• _Task details_: Would you restate each line of the data below word for word, without its pictures?

• _Record excerpts_:
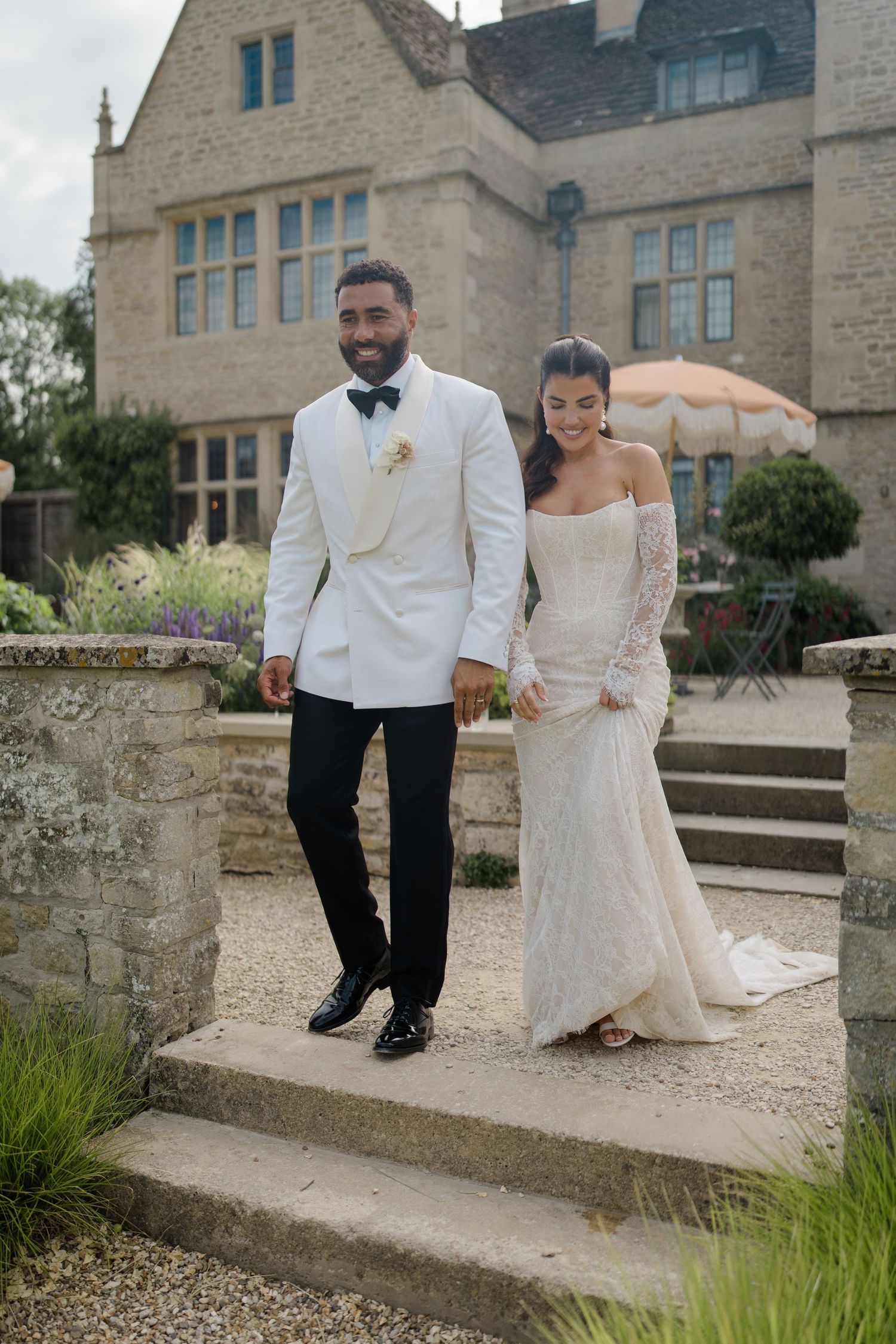 Newlywed couple posing on stone steps, groom in white tuxedo jacket and bride in elegant lace gown.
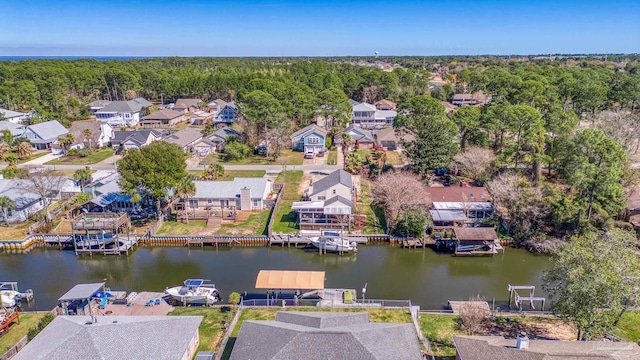 birds eye view of property featuring a water view, a forest view, and a residential view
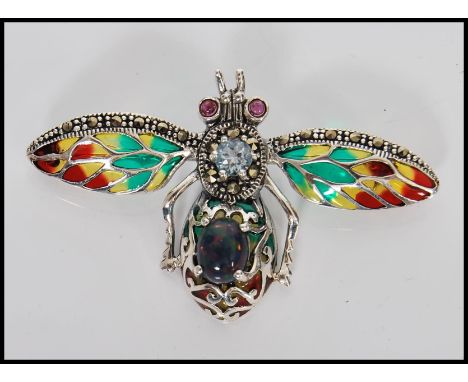 A silver Plique a jour brooch / pendant necklace in the form of dragonfly having central opal cabochon and marcasite detailin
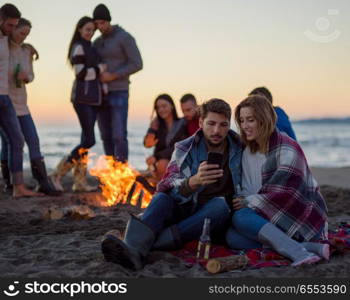 Couple using cell phone during beach party with friends drinking beer and having fun. Couple enjoying bonfire with friends on beach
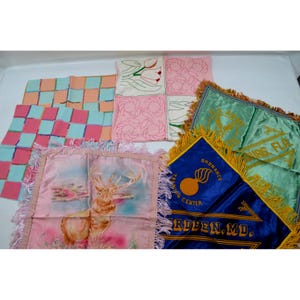 May include: A collection of vintage fabric items including a pink and light blue checkered cloth, a white cloth with embroidered tulips and floral outlines, a green US Army flag with gold fringe, and a blue Ordnance Training Center flag.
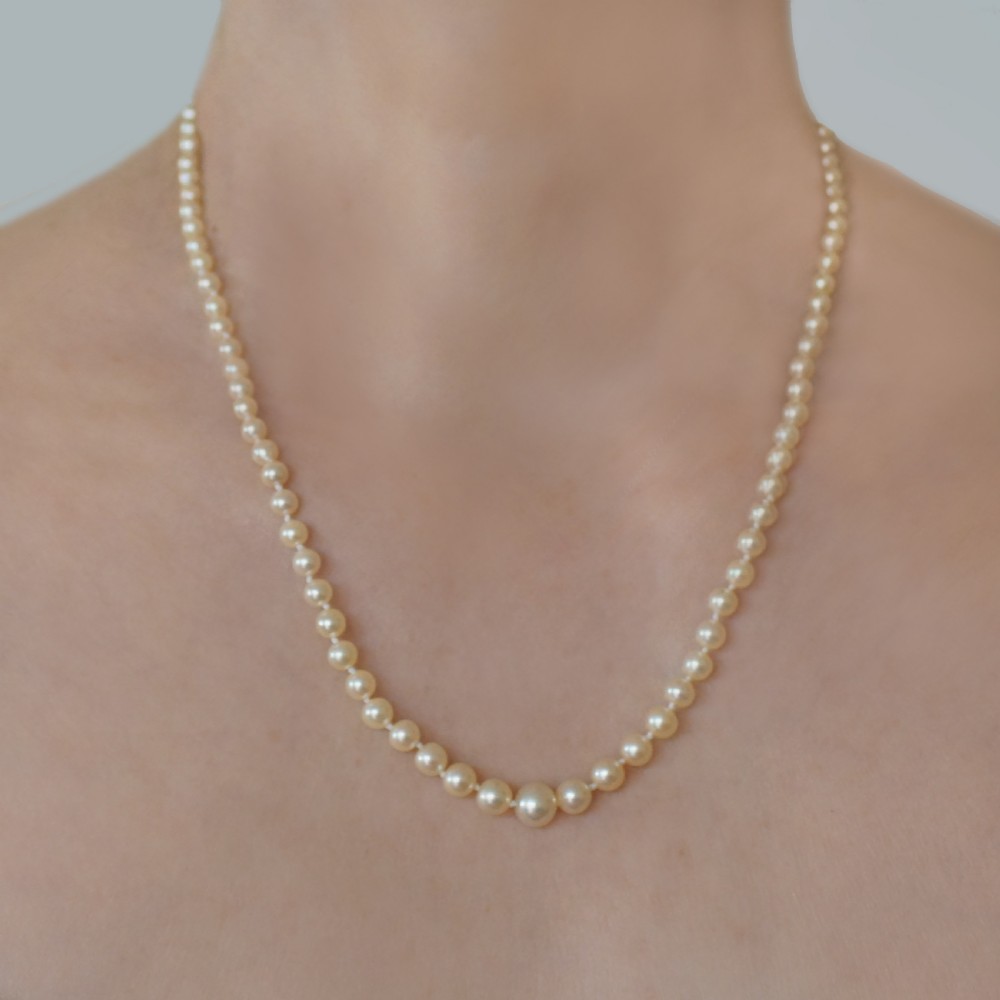 A single strand of graduated cream pearls featuring a fluted 18ct gold clasp and safety chain against a grey background. View II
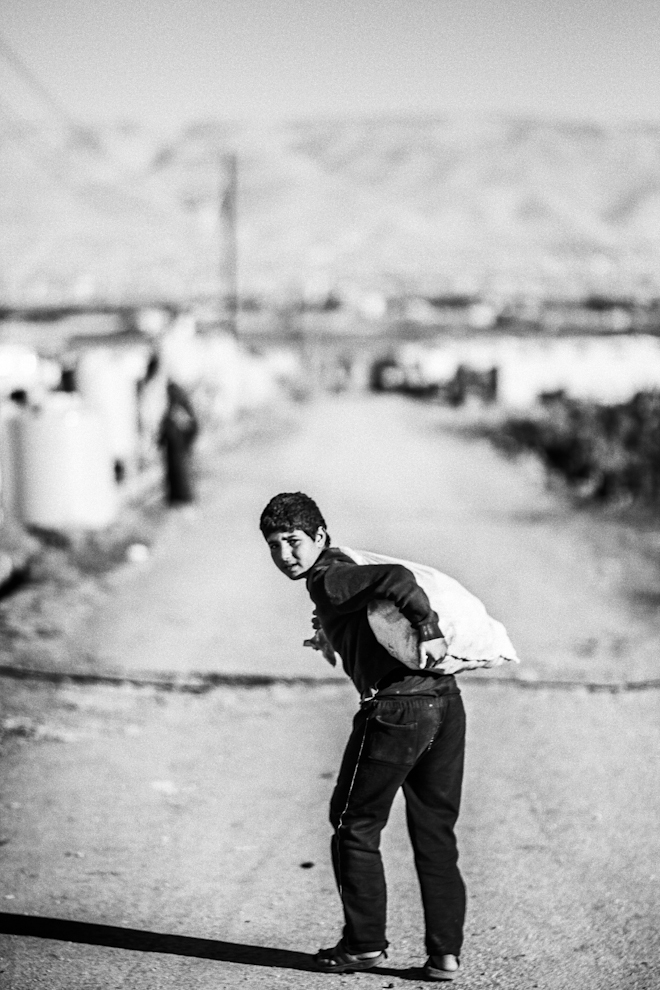 Un nio carga con un saco por el campo de  Al Nahar, el Lbano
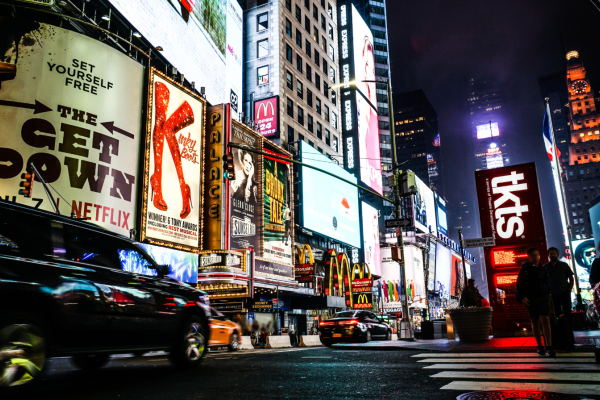 Drukke straten van Times Square gevuld met mensen, neonlichten en reclameborden.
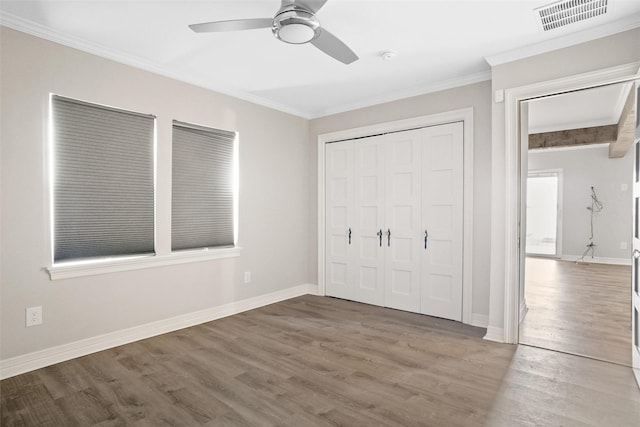 unfurnished bedroom with ornamental molding, visible vents, baseboards, and wood finished floors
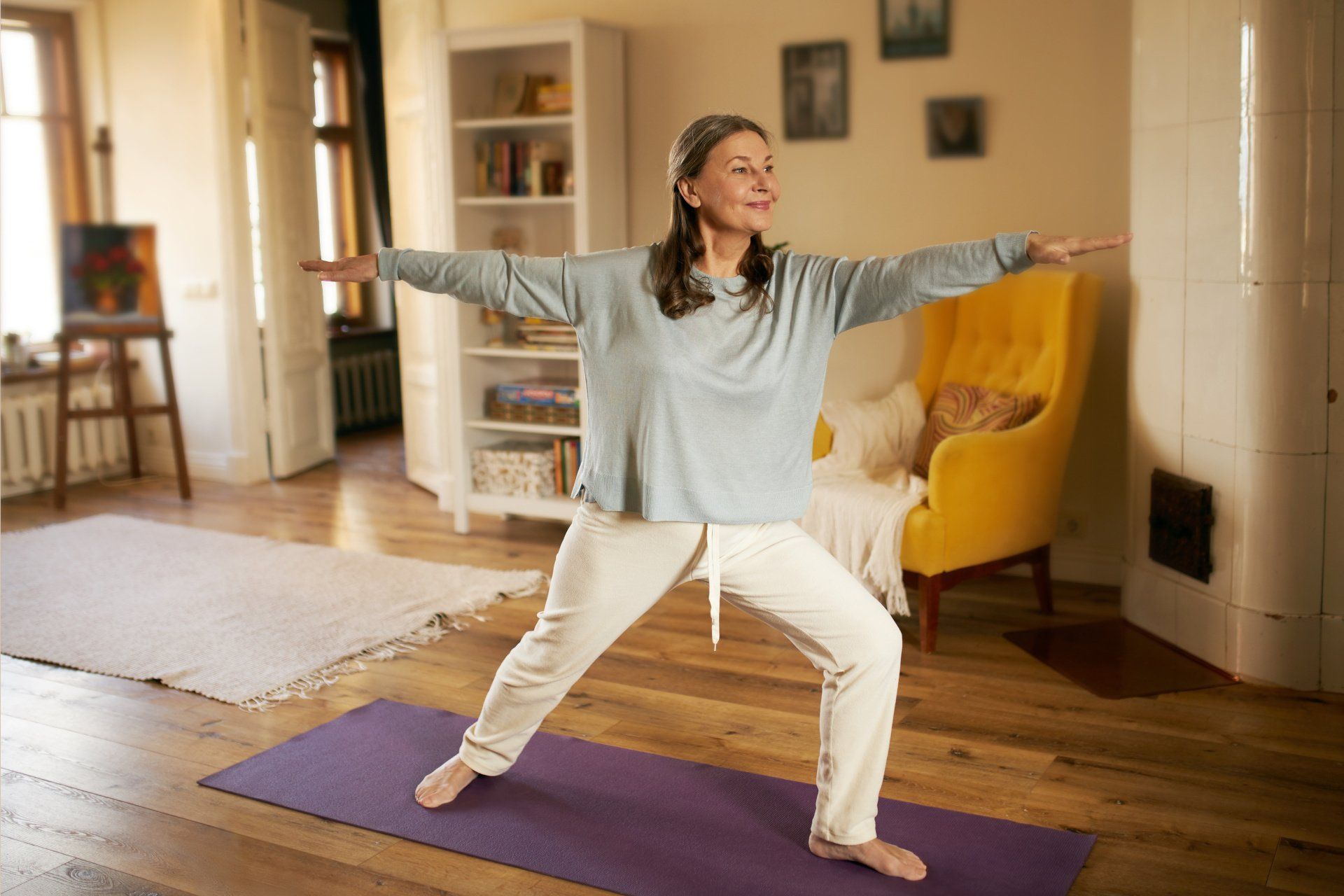 Person in a light blue long-sleeve shirt and white pants performing a Warrior II yoga pose on a purple mat in a living room.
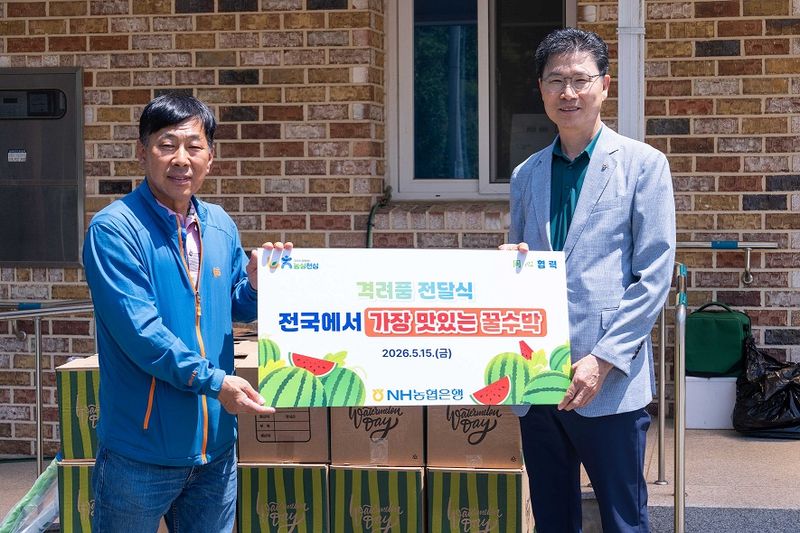 강태영 NH농협은행장(오른쪽)이 지난 15일 춘천시 동산면 구암마을에서 원창1리 김봉림 이장에 수박을 전달한 뒤 기념촬영을 하고 있다. 농협은행 제공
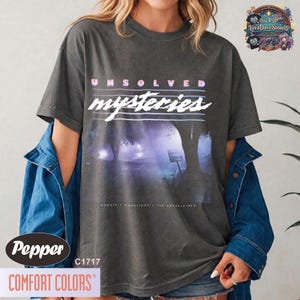 Op de afbeelding: Een antracietgrijs t-shirt met korte mouwen en de tekst UNSOLVED mysteries in wit en lichtblauw. De afbeelding toont een donker, mistig bos met een Dead End-bord. Onder de afbeelding staat de tekst GHOSTS HAUNTINGS THE UNEXPLAINED.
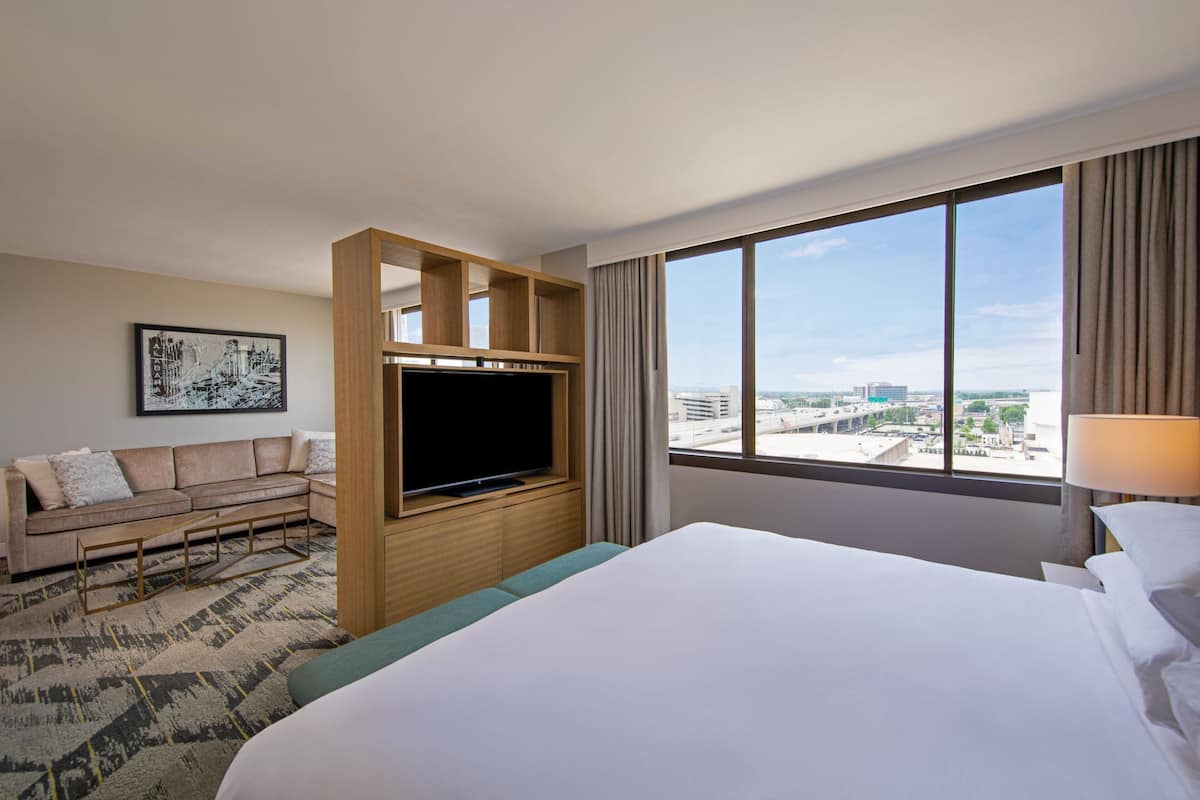 A hotel room with a large bed, a sofa, a TV, and a city view.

• _Solution for this task_:
 Newlywed couple posing on stone steps, groom in white tuxedo jacket and bride in elegant lace gown.
 birds eye view of property featuring a water view, a forest view, and a residential view
 A silver Plique a jour brooch / pendant necklace in the form of dragonfly having central opal cabochon and marcasite detailin
 Couple using cell phone during beach party with friends drinking beer and having fun. Couple enjoying bonfire with friends on beach
 May include: A collection of vintage fabric items including a pink and light blue checkered cloth, a white cloth with embroidered tulips and floral outlines, a green US Army flag with gold fringe, and a blue Ordnance Training Center flag.
 A single strand of graduated cream pearls featuring a fluted 18ct gold clasp and safety chain against a grey background. View II
 Un nio carga con un saco por el campo de  Al Nahar, el Lbano
 Drukke straten van Times Square gevuld met mensen, neonlichten en reclameborden.
 unfurnished bedroom with ornamental molding, visible vents, baseboards, and wood finished floors
 Person in a light blue long-sleeve shirt and white pants performing a Warrior II yoga pose on a purple mat in a living room.
 강태영 NH농협은행장(오른쪽)이 지난 15일 춘천시 동산면 구암마을에서 원창1리 김봉림 이장에 수박을 전달한 뒤 기념촬영을 하고 있다. 농협은행 제공
 Op de afbeelding: Een antracietgrijs t-shirt met korte mouwen en de tekst UNSOLVED mysteries in wit en lichtblauw. De afbeelding toont een donker, mistig bos met een Dead End-bord. Onder de afbeelding staat de tekst GHOSTS HAUNTINGS THE UNEXPLAINED.
 A hotel room with a large bed, a sofa, a TV, and a city view.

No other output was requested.